GGBound: A Genome-Grounded Agent for Microbial Life-Boundary Prediction

Characterizing the physiological life boundaries of microbial strains, including viable temperature, pH, salinity, substrate utilization, and morphology, is central to biotechnology and ecology, yet traditionally requires exhaustive in vitro screening. Existing computational approaches either treat physiological traits as isolated supervised targets or repurpose biological foundation models as static encoders, leaving the genotype-to-physiology gap largely unbridged. We formulate microbial life-boundary prediction as a unified genome-to-physiology task and address it with a genome-conditioned, tool-augmented LLM agent. To support this task, we curate a strain-centric benchmark from IJSEM, NCBI, and BacDive covering 1,525 strains and 6,448 instances across viability intervals, environmental optima, substrate utilization, categorical traits, and morphology. Architecturally, the agent injects frozen LucaOne genome embeddings into a Qwen backbone via lightweight token fusion, and reasons over a similarity-based RAG module and a Genome-scale Metabolic Model (GEM) perturbation tool. We optimize the agent through a three-stage pipeline of gene-text alignment, agentic SFT on distilled trajectories, and GRPO with a novel counterfactual gene-grounding reward that reinforces the policy only when the authentic genome embedding causally improves correct-token generation relative to a zero-gene ablation. The resulting 4B-parameter agent matches or surpasses substantially larger frontier LLMs, with ablations confirming that genome-token fusion, dynamic tool use, and the counterfactual reward each yield distinct, significant gains.

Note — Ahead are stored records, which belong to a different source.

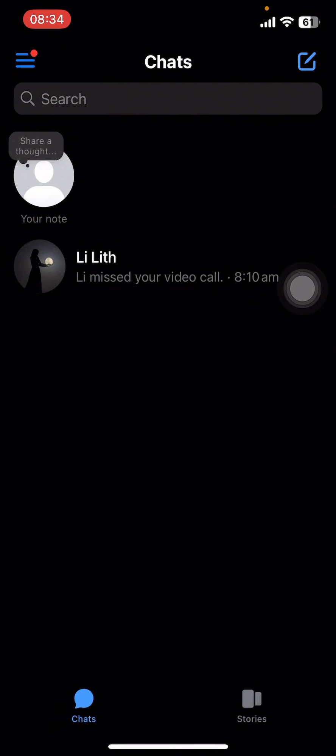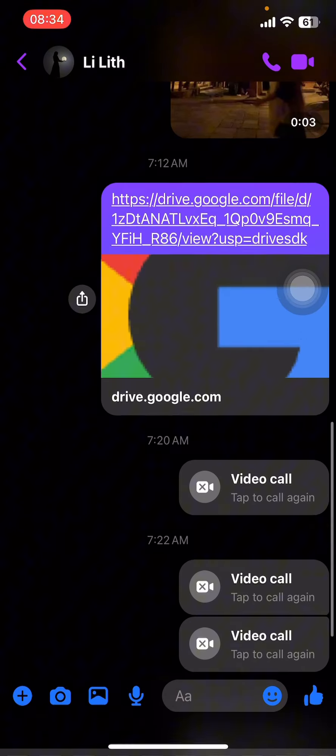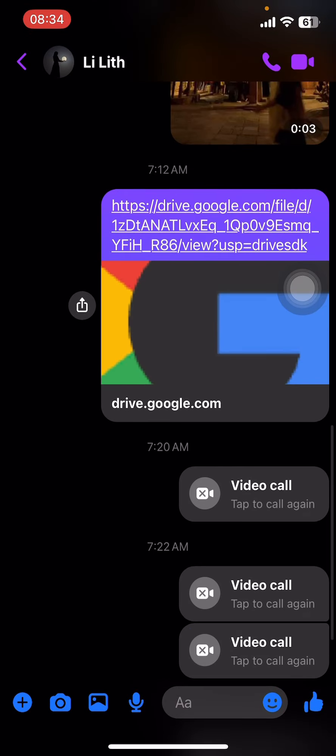Now on your screen you can see options like menu, create new message, search bar, and your old conversations. You can find that person from the search bar or from the old conversations. Open their profile once you do that.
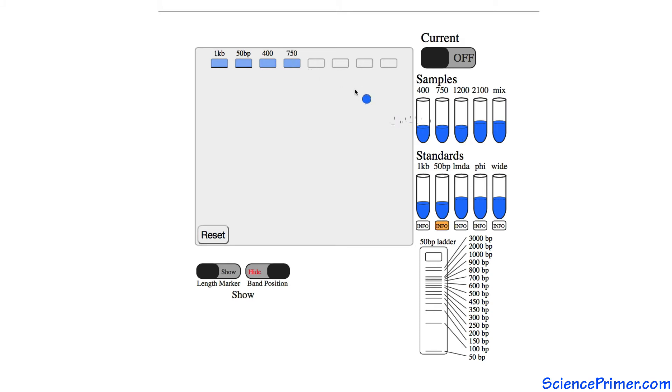The loading dye present in both the samples and the standards helps make sure each well loads properly and makes it easy to keep track of which wells already contain DNA. Once the wells are loaded, the power is turned on.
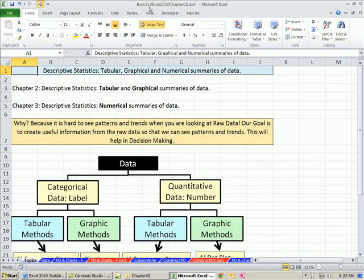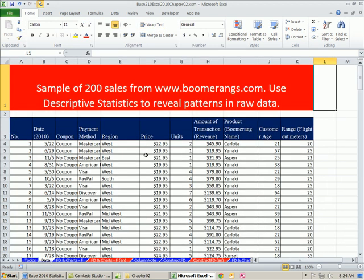Let's go over to our Excel workbook. If you want to download it, it's Business 210, Excel 2010 Chapter 2 — click the link below the video. We're starting Chapter 2, and in Chapter 1 we defined descriptive statistics as tabular, graphical, and numerical summaries of data. Why do we summarize data? If we go to the sheet 'data,' this is raw data — a sample of 200 sales from www.boomerangs.com — and we use descriptive statistics to reveal patterns in it.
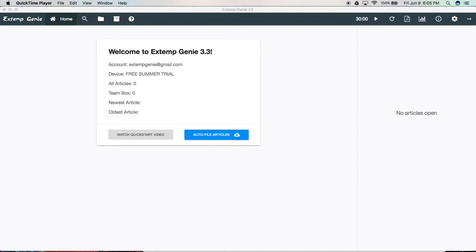Hi, my name is Ethan Reeves. I'm the developer of Xtemp Genie, and in this video we're going to be looking at Xtemp Genie's auto filing capabilities.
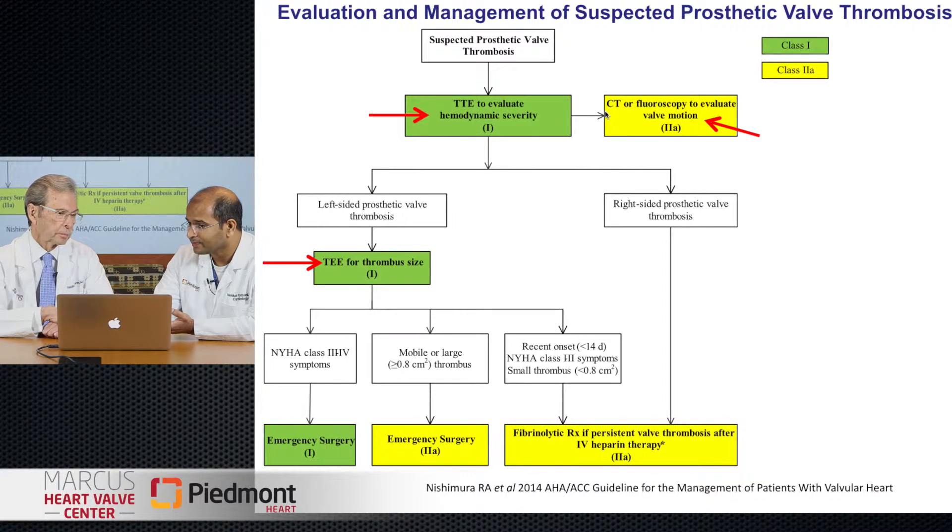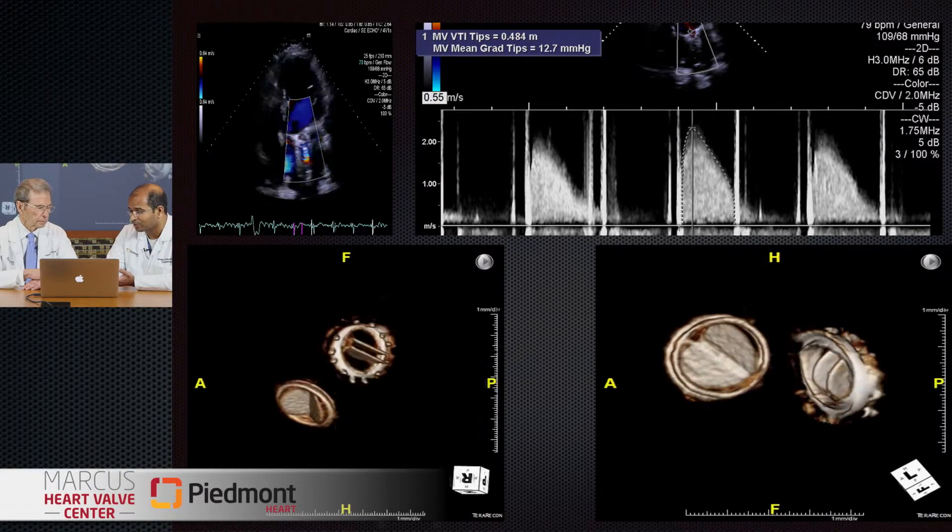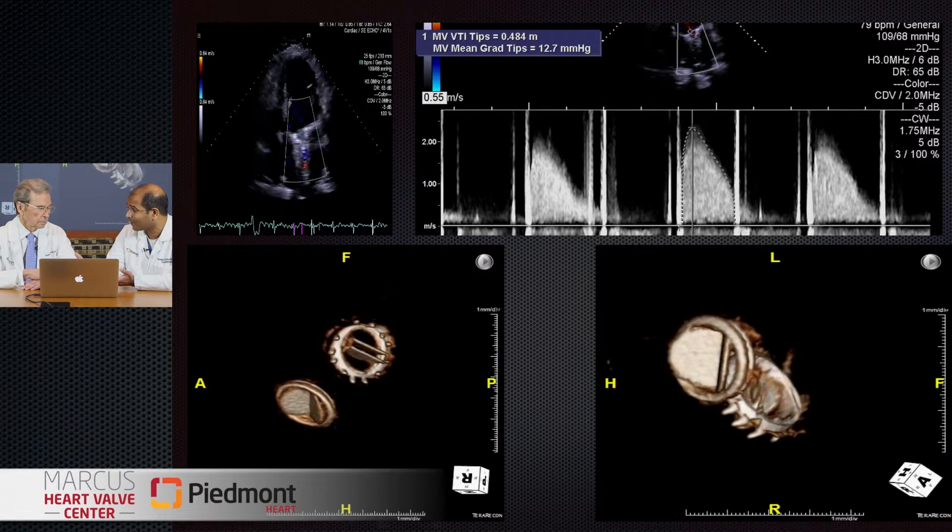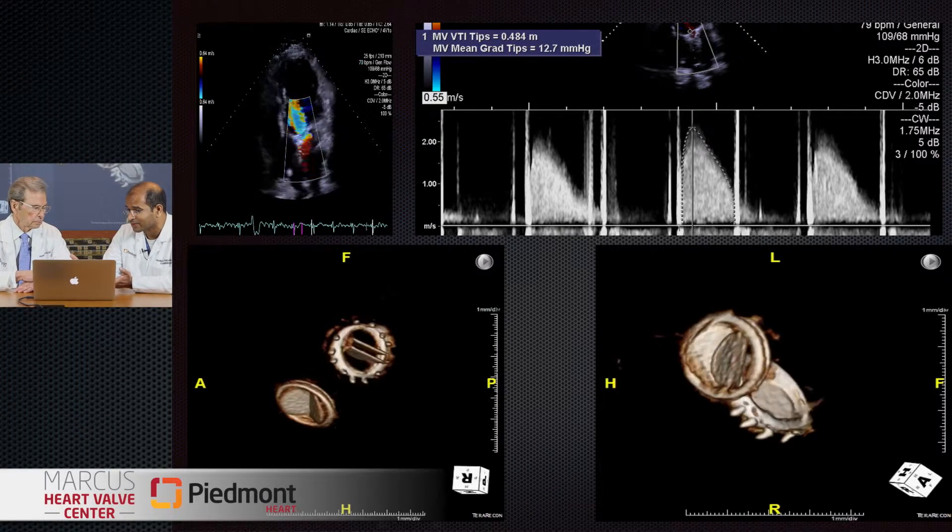Most people historically would not have thought of bioprostheses as showing early thrombotic changes. The first case we showed was probably within a year of implantation — that's really very interesting. I'll also share a couple of cases of mechanical valve assessment by CT. In this first case, the patient had endocarditis and had both aortic and mitral mechanical valves. The Doppler gradient was slightly higher on the mitral valve inflow.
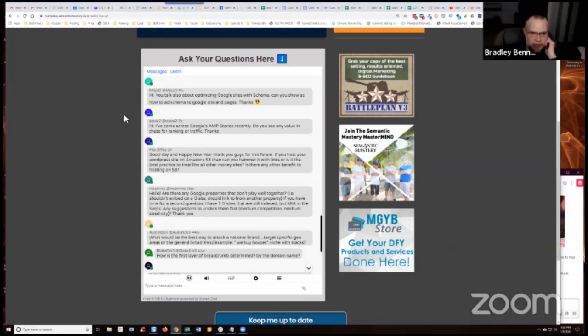Okay, so next question is: You talk also about optimizing Google Sites with Schema. Can you show how to add Schema to Google Sites and Pages? Thanks.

翻译：表征微生物菌株的生理生命边界——包括生存温度、pH值、盐度、底物利用能力和形态特征——在生物技术和生态学研究中至关重要，但传统方法依赖费时的体外筛选。现有计算方法要么将生理性状视为孤立的监督学习目标，要么将生物基础模型重新用作静态编码器，使得基因型到生理表型的鸿沟未得到充分弥合。我们将微生物生命边界预测统一表述为基因组到生理表型的任务，并基于基因组条件化的工具增强型大语言模型智能体加以解决。为支撑该任务，我们基于IJSEM、NCBI和BacDive数据库构建了一个以菌株为中心的基准数据集，涵盖1525个菌株和6448个实例，涉及生存区间、环境最适值、底物利用、分类性状和形态特征。在架构上，该智能体通过轻量级令牌融合将冻结的LucaOne基因组嵌入注入Qwen骨干网络，并基于相似性检索增强生成模块和基因组尺度代谢模型扰动工具进行推理。我们通过三阶段流水线优化该智能体：基因-文本对齐、基于蒸馏轨迹的智能体监督微调，以及采用新型反事实基因锚定奖励的GRPO算法——该奖励仅在真实基因组嵌入相对于零基因消融能因果性提升正确令牌生成时才强化策略。最终4B参数智能体的性能可比肩甚至超越更大的前沿大语言模型，消融实验证实基因组-令牌融合、动态工具使用和反事实奖励各自均产生显著且独特的性能增益。